I do not think that this is a practice that can ever be perfected because of the human tendency (certainly in my own experience) to be taken up in the whirlwind of our busy lives. However the Merton shows us in the Fire Watch that what Paul instructs is at least possible, and something to strive for.

 

[1] Patrick Hart, “Editors Note,” The Merton Seasonal 40, no. 1 (Spring 2015): 2-3.

[2] Thomas Merton, The Sign of Jonas, harvest/HBJ ed., A Harvest/HBJ Book (New York: Harcourt Brace Jovanovich, 1953), p.360. 3 ibid., pp.349-362.

[3] Mark Allan Powell, ed., The Harpercollins Bible Dictionary: Revised and Updated (New York, NY: HarperOne, 2011), p. 824.

[4] Sallie McFague, Blessed Are the Consumers: Climate Change and the Practice of Restraint (Minneapolis: Fortress Press, 2013), p.30.

[5] Bill Hybels and LaVonne Neff, Too Busy Not to Pray: Slowing Down to Be with God, rev. and expanded. ed. (Downers Grove, Ill.: InterVarsity Press, 1998), pp. 125-126.

[6] Ellen Clark-King, Path to Your Door: Approaches to Christian Spirituality (London, England: Continuum International Publishing

[7] Paul J. Griffiths, “Pray Without Ceasing,” The Center for Christian Ethics at Baylor University (2009): 11-17, accessed August 20, 2015, http://www.baylor.edu/content/services/document.php/92494.pdf.

[8] Kevin Hunt, “The Thurible, St.
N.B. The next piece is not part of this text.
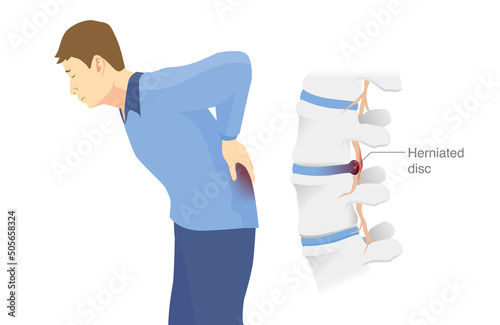 Man has low back pain and sciatica from a herniated disc. Medical diagrams about trapped nerves make patients chronic pain in the back and paralysis.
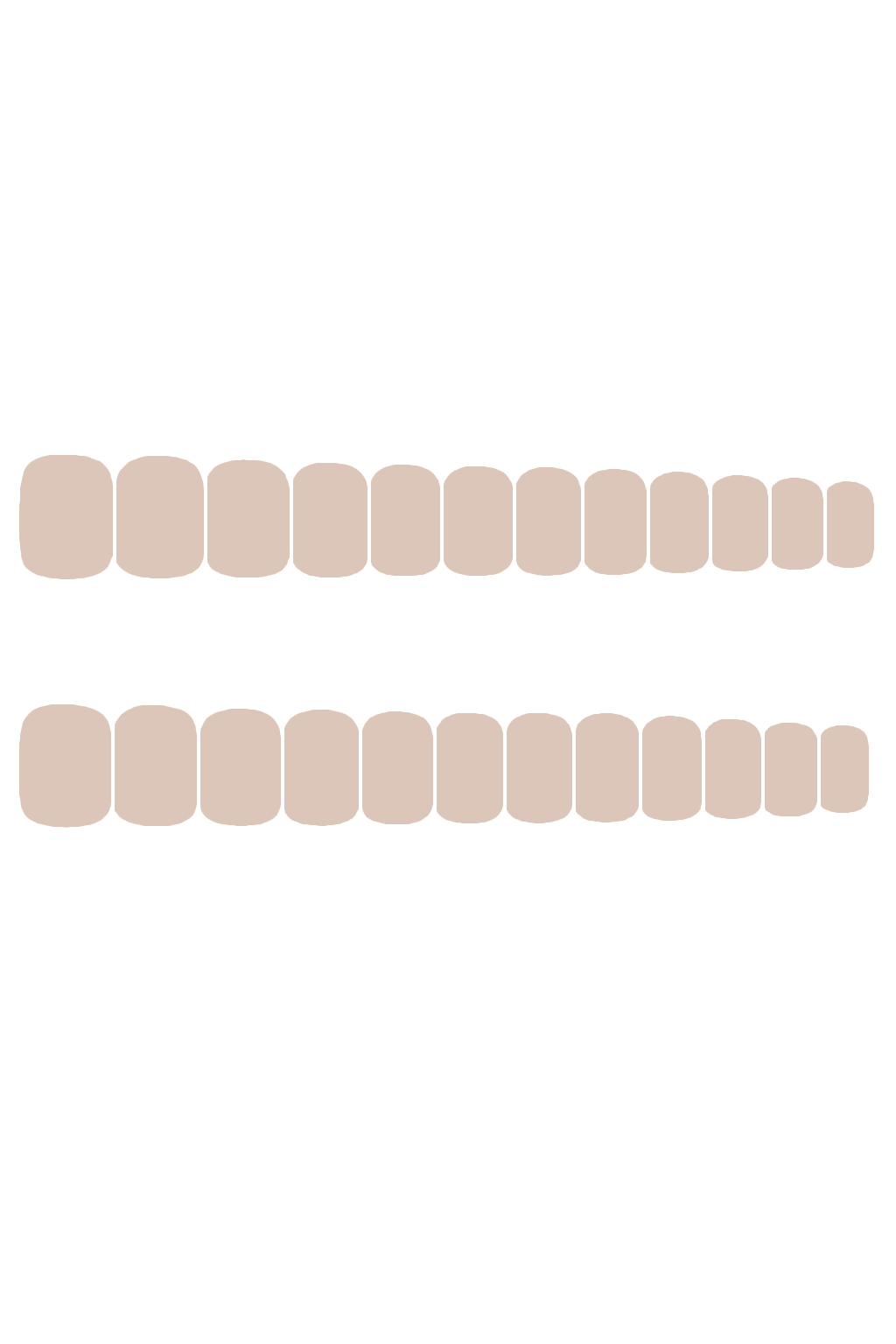 ONE-SIZE KIT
James Anglican: Notes from the Clergy,” The Thurible (Sunday, August 23, 2015): under “Email,”accessed August 27, 2015, http://www.stjames.bc.ca/?utm_source=The+Thurible+-+Sunday%2C+August+23%2C+2015&utm_campaign=Thurible+Jan+11%2C+2015&utm_medium=email&doing_wp_cron=1440731152.7276120185852050781250.

[9] Ellen Clark-King, Path to Your Door: Approaches to Christian Spirituality (London, England: Continuum International Publishing Group, 2011), pp.6-7, Amazon Kindle edition.

[10] Ellen Clark-King, Path to Your Door: Approaches to Christian Spirituality (London, England: Continuum International Publishing Group, 2011), pp.6-7, Amazon Kindle edition.

[11] Clay Smith, “’Aδιαλείπτως Προσεύχεσθε: Is Paul Serious?,” PRESBYTERION: COVENANT SEMINARY REVIEW 22, no. 2 (September 1, 1996): 113-20. p.114.

[12] Thomas Merton, The Seven Storey Mountain, Harvest/HBJ ed., A Harvest/HBJ Book (New York: Harcourt-Brace Jovanovich, 1978), pp.385.

[13] Cristóbal Serrán-Pagán y Fuentes, “Final Integration in Thomas Merton,” The Merton Seasonal 40, no. 1 (Spring 2015): 59-60. p. 59.

[14] Cristóbal Serrán-Pagán y Fuentes, “Final Integration in Thomas Merton,” The Merton Seasonal 40, no. 1 (Spring 2015): 59-60. p.59.